Task directions: Only the lines from the top of the listing below through the line containing "If you don't" should be output, exactly and with no pictures.

--- Given records Enclosed Below ---

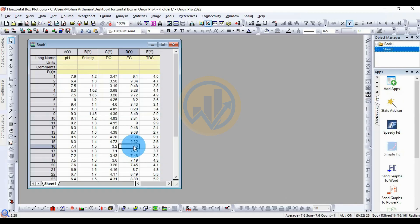Hi everyone, welcome to the Statistics Bios YouTube channel. I'm Mohanathanari. If you like our channel videos, please click the subscription button and support me. Join the YouTube channel membership. Today we will discuss the topic: horizontal boxplot — how to draw a horizontal boxplot in the Arjun Guru software.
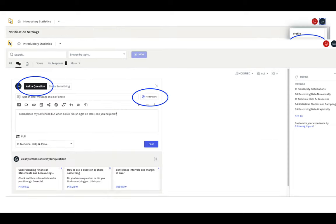If you don't find the answer you're looking for, use the Ask a Question feature. Toggle your question to Moderators and include as much detail as you can in your question. We'll get back to you with help.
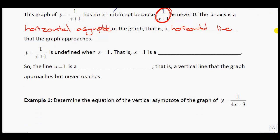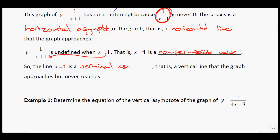Now let's look at the vertical asymptote. The function y equals 1 over (x plus 1) is undefined when x equals negative 1. Why? Because if you substitute negative 1 in, you get 1 over 0, and we cannot divide by 0. So x equals negative 1 is a non-permissible value, which means we get a vertical asymptote at that location.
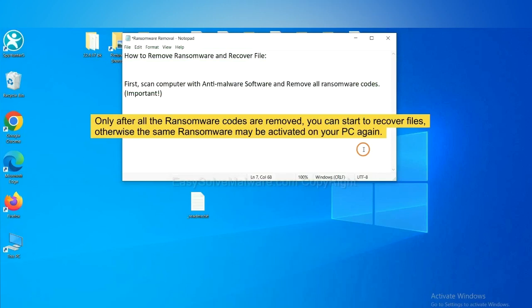To remove DJVU ransomware, first we need to use professional anti-malware to scan your computer and then remove all the ransomware cores.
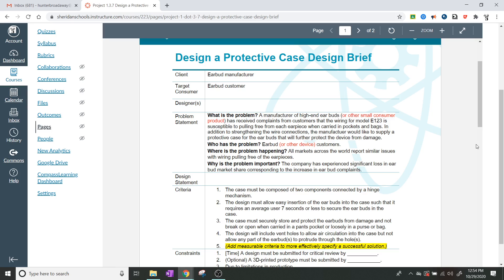The problem states: a manufacturer of high-end earbuds or any other small consumer product has received complaints from customers that the wiring for model E123 is susceptible to pulling free from each earpiece when carried in pockets and bags. In addition to strengthening the wire connections, the manufacturer would like to supply a protective case for the earbuds. Who has the problem? It's the people who actually own the earbuds — the wires are pulling out and they don't work anymore, leading to bad reviews and lost sales.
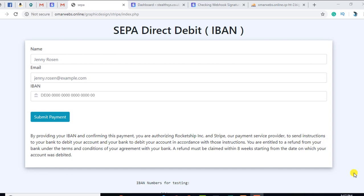Hello friends, in this video I'm going to show you how you can create a webhook in SEPA direct debit. In the previous video I discussed how you can integrate a payment gateway using SEPA direct debit. In Stripe you may have seen that the payment status changes after some time — for example, in the beginning once you have done the payment the payment status remains pending, but after some time the payment status becomes succeeded.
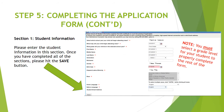Section number one is student information. Please enter information on your student in this section. Once you have completed this section, please hit Save. Please note that you must select a grade level for your student in order to properly complete the rest of the application form.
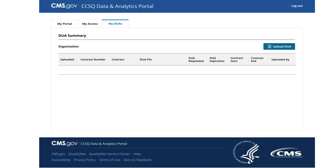The DUA owner can view the contracts they are associated with, whether it's a single contract or multiple contracts.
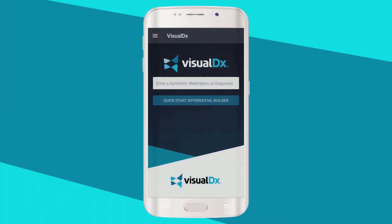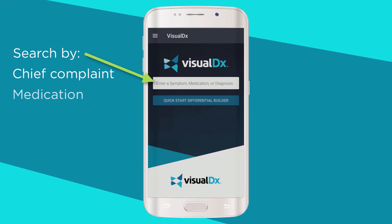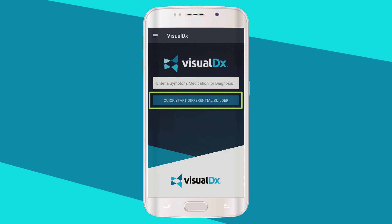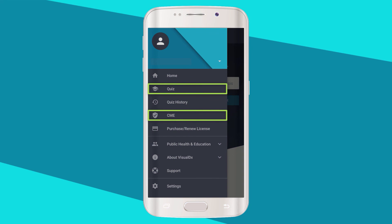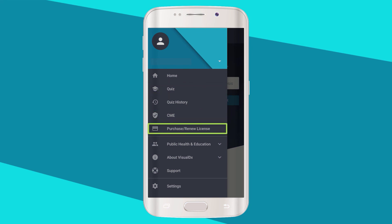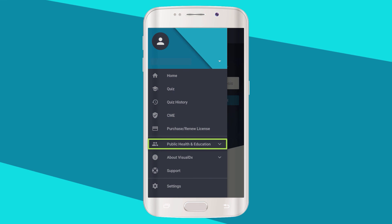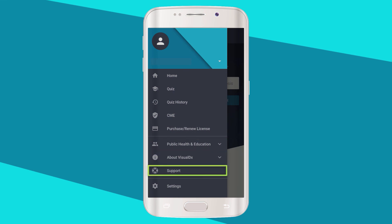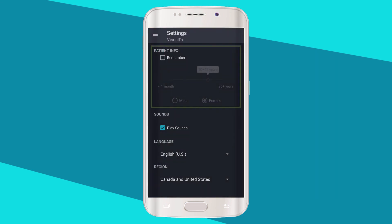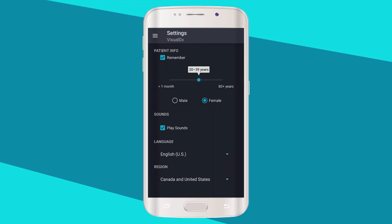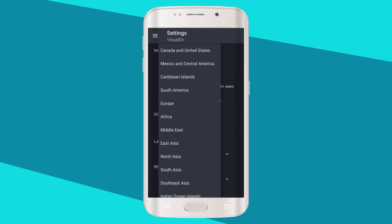The VisualDx homepage on Android is simply designed to help you start building a differential. Begin by typing a chief complaint, medication, diagnosis, or travel finding. You can also click the Quick Start Differential Builder to start building a differential from the most common chief complaints. Click the top left menu to access other features including quiz and CME. You can also purchase or renew your license, access information on public health and education, learn more about VisualDx, contact support, and adjust your settings. In settings, you can change your default patient age and sex as well as the region in which you are working. Changing the region will show diagnoses endemic to that region when appropriate.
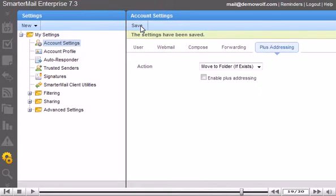This is the end of the tutorial. You now know how to change your settings in SmarterMail.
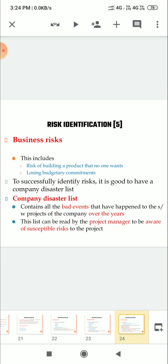To successfully identify risk, it is good to have a company disaster list. What is company disaster list? It contains all the bad events that have happened to the projects of the company over the years. This list can be read by a project manager to be aware of susceptible risk to the project.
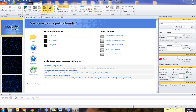For purposes of this video, I have already set up a method on how to segment and count my nuclei or objects of interest. To learn more about the count and size features, please see the related videos on count and size.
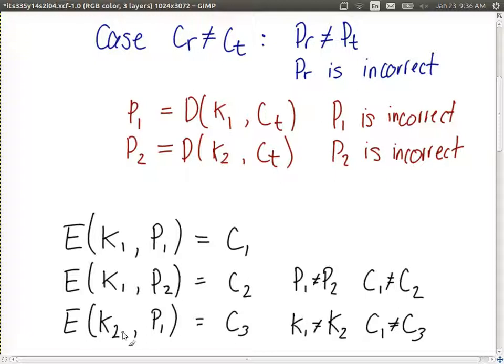Similarly, if we use a different key on the same plaintext. If we encrypt the same plaintexts with different keys, we'll get different ciphertexts. Different plaintexts and different ciphertexts; different keys and different ciphertexts. If we have two different ciphertext values and decrypt them with the same key, we'd get two different plaintext values. If we encrypt the same plaintexts with a different key, we'll get different ciphertexts. And if we encrypt different plaintexts with the same key, we'll get different ciphertexts.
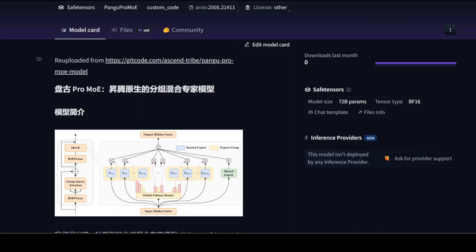Something big has happened. Huawei has just released the Pango Pro mixture of expert language model designed with a unique sparse architecture called mixture of grouped experts.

--- End of Enclosed Given records ---

Response below:
Hi everyone, welcome to the Statistics Bios YouTube channel. I'm Mohanathanari. If you like our channel videos, please click the subscription button and support me. Join the YouTube channel membership. Today we will discuss the topic: horizontal boxplot — how to draw a horizontal boxplot in the Arjun Guru software.
If you don't find the answer you're looking for, use the Ask a Question feature. Toggle your question to Moderators and include as much detail as you can in your question. We'll get back to you with help.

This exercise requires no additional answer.